La Petite République (The Little Republic) or La Petite République française (The Little French Republic) was a daily French newspaper founded by Alphonse Péphau and published from 12 April 1876 to 1 January 1938. It was renamed La Petite République socialiste (The Little Socialist Republic) in 1898.

==History==
La Petite République was initially a popular daily newspaper of republican views, linked to La République française set up by Léon Gambetta. It was born during the craze for the 'petite press' (newspapers costing only one sou) of the République du Croissant. It was owned by a société anonyme with 500 francs each. Its circulation briefly peaked at 150,000 and in October 1887 it published four editions a day.

It was put into liquidation in 1891 but revived the following year by the Société nouvelle de la Petite République française. 27-year-old journalist Henri Turot, future socialist deputy and founder of the Agence Radio, in effect decided to buy it with help from his former fellow-students at the collège Stanislas, Marcel Sembat and Henri Pellier.

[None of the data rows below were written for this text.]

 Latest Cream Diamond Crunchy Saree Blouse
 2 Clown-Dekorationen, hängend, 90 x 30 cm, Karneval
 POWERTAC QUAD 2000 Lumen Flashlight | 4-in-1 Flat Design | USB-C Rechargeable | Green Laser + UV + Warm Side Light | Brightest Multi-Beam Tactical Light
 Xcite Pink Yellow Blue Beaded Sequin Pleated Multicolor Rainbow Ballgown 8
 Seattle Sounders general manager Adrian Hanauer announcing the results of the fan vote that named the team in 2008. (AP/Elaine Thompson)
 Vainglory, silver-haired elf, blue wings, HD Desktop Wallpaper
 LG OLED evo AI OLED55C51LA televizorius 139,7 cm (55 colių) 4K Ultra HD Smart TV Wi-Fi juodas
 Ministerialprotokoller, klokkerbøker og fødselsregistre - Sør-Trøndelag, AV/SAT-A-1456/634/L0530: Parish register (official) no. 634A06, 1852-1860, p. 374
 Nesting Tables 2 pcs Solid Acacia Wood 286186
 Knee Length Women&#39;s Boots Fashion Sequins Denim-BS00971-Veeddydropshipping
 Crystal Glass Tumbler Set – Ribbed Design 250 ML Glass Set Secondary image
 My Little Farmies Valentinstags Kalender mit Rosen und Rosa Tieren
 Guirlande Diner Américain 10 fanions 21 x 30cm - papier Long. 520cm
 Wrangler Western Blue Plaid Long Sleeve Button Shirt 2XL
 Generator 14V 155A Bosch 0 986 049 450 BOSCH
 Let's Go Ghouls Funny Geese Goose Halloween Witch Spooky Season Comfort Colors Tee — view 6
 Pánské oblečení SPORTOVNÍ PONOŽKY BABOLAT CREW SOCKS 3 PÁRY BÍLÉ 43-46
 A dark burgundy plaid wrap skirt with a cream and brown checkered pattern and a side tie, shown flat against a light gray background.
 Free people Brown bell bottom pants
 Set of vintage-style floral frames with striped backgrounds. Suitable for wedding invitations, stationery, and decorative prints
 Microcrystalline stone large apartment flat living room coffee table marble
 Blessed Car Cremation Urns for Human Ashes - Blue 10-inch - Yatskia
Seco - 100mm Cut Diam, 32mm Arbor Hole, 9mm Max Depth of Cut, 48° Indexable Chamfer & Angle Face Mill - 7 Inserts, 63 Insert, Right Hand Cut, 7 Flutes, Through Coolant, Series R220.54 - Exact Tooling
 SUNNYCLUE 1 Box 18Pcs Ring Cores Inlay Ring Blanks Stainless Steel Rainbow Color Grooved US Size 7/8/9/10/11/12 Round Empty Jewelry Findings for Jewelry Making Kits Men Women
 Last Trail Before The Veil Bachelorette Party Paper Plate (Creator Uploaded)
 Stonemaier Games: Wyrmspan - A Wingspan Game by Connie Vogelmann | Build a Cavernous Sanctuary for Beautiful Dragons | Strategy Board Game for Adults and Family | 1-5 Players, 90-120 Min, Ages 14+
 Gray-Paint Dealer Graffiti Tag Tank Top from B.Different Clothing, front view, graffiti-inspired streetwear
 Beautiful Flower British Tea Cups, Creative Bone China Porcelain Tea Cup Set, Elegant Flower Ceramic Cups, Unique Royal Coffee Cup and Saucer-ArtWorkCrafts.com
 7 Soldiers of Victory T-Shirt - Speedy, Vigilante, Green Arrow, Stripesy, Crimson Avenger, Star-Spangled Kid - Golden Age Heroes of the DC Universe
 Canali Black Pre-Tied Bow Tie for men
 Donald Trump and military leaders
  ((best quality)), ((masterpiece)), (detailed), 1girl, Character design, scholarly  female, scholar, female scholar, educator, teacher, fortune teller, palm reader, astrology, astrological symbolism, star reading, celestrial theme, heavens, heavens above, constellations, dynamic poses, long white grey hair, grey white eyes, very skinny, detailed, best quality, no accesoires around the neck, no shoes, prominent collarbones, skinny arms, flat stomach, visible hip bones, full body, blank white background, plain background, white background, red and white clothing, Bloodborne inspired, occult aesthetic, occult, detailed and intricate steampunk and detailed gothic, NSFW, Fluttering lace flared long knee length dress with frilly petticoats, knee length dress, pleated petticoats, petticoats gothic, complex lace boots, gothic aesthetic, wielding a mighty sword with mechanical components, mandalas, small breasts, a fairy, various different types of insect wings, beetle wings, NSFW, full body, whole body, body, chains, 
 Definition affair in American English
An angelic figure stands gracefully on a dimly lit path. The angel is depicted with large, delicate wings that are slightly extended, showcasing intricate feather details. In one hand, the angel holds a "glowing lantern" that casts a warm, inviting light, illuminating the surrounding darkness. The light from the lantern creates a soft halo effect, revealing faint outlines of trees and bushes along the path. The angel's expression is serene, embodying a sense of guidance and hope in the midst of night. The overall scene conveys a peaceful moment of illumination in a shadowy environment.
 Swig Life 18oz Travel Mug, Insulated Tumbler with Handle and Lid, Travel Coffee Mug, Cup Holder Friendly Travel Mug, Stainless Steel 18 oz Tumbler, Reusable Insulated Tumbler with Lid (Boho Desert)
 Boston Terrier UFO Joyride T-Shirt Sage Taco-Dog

Together they made it the first daily French newspaper to represent all socialist camps and opinions. Dembat remained editor until 19 July 1893, when he was succeeded by socialist Alexandre Millerand.

On 16 January 1892 it published its support for Jean Jaurès in his campaign to be elected deputy for Carmaux. In a prophetic article in the newspaper on 17 May 1896, Jaurès warned that "great wars can arise at any moment from colonial complications and competition".

From 1893 to 1903 it was edited by Millerand, then Jules Guesde, then Alfred Léon Gérault-Richard and finally Jaurès himself. At that time and until Jaurès set up L’Humanité it was the main French socialist daily newspaper.

After the 1898 French legislative election Jaurès gave up politics and devoted himself entirely to journalism, becoming co-director of La Petite République. Through his articles it supported the cabinet of Waldeck Rousseau, which included Millerand as Minister for Trade and Industry. The newspaper gained strong notoriety for publishing les Preuves (the Proofs), a series of articles on the Dreyfus affair, under Jaurès's signature.